Commanders and leaders
- Nicholas Repnin Mikhail Kutuzov Grigory Volkonsky Sergey Golitsyn Ivan Spaeth: Koca Yusuf Pasha

Strength
- 30,000–36,000: 64,000–80,000

Casualties and losses
- 141 killed, 300 wounded Bodart: 1,000: 4,000 killed, wounded, and captured 35 cannons 7 small vessels

= Battle of Măcin =

1791 battle of the Russo-Turkish War

The Battle of Măcin (Note: also Battle of Maçin, Battle of Machin, Battle of Matchin, Battle of Matschin, Мачинское сражение) took place during the Russo-Turkish War (1787–1792), fought on 9 July 1791 between the Ottoman Empire and the Russian Empire. The Russian army of 30,000 was commanded by Prince Nicholas Repnin, whereas the Turks, numbering about 80,000 men, were led by Koca Yusuf Pasha.

==Battle==
Nikolai Repnin drew up a bold plan of attack, which implied that, in spite of any obstacles, they should attack the Ottomans earlier than they could calculate, and earlier than they would gather all the troops of the vizier's army. These troops approached in parts and, at the same time, with a lack of unity and firmness.

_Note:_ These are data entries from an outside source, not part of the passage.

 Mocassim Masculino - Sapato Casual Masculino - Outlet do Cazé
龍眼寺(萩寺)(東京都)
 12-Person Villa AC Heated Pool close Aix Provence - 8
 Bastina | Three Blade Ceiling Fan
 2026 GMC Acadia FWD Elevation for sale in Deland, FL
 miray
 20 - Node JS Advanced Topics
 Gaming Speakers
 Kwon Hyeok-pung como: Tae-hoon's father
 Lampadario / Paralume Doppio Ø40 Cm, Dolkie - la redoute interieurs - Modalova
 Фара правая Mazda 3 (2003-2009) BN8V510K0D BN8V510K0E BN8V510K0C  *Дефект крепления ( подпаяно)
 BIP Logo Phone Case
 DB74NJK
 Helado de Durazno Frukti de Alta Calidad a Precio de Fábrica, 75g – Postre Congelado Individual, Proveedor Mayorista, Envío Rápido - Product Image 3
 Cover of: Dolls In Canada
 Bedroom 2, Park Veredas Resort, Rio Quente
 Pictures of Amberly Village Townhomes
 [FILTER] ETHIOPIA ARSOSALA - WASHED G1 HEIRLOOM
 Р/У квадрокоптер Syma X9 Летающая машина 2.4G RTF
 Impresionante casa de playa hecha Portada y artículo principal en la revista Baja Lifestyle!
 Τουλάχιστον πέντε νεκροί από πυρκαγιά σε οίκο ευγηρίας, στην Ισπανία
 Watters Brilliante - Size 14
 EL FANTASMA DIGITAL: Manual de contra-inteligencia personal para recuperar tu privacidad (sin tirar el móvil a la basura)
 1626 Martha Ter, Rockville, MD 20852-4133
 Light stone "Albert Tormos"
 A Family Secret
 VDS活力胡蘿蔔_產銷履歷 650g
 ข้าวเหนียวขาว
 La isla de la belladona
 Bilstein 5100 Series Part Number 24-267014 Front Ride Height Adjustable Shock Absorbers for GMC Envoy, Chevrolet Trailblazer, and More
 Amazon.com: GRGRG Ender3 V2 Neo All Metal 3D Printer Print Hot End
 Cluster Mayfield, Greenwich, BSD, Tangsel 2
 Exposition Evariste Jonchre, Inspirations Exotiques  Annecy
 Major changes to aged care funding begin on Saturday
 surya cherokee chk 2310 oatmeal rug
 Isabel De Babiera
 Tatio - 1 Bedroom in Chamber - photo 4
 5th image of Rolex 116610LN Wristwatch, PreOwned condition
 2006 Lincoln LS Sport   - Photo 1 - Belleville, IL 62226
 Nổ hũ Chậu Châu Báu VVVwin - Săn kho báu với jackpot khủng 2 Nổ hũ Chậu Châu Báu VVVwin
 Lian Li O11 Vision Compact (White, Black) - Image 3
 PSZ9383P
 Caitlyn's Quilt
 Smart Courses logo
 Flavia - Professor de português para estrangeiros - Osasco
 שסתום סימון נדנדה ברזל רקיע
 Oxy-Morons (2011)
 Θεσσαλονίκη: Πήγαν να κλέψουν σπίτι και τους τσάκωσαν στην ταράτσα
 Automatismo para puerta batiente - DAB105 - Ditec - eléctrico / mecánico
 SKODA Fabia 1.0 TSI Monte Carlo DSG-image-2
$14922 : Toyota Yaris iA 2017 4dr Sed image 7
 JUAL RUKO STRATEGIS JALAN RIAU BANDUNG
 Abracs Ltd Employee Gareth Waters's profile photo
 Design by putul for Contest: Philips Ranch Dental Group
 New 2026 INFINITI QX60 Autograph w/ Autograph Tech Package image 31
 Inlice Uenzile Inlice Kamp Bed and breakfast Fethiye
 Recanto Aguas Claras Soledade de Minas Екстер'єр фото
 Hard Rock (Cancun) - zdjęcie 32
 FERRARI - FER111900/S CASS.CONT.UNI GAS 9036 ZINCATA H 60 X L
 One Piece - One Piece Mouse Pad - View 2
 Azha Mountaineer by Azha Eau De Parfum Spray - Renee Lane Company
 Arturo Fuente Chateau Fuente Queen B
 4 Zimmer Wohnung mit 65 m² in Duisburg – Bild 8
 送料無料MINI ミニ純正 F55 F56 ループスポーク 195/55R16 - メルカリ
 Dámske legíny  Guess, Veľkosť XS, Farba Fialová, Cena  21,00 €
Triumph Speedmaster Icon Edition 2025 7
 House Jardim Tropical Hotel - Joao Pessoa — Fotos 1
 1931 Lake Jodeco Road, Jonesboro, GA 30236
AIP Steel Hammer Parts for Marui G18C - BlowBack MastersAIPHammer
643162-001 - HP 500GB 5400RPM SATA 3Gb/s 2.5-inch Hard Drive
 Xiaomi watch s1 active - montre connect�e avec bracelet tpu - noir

At the same time, Turkish attacks were decisive and daring in their execution.

Prince Golitsyn's corps marched to the Maçin trenches – the left Ottoman flank – and seized them.
Prince Volkonsky's middle corps entered the heights to the left and occupied the Turkish camp in the center.
Then the Turkish right-flank army was vanquished by a charge of the Russian left, under Mikhail Illarionovich Kutuzov, and started retreating in disorder. Kutuzov's stroke was conclusive.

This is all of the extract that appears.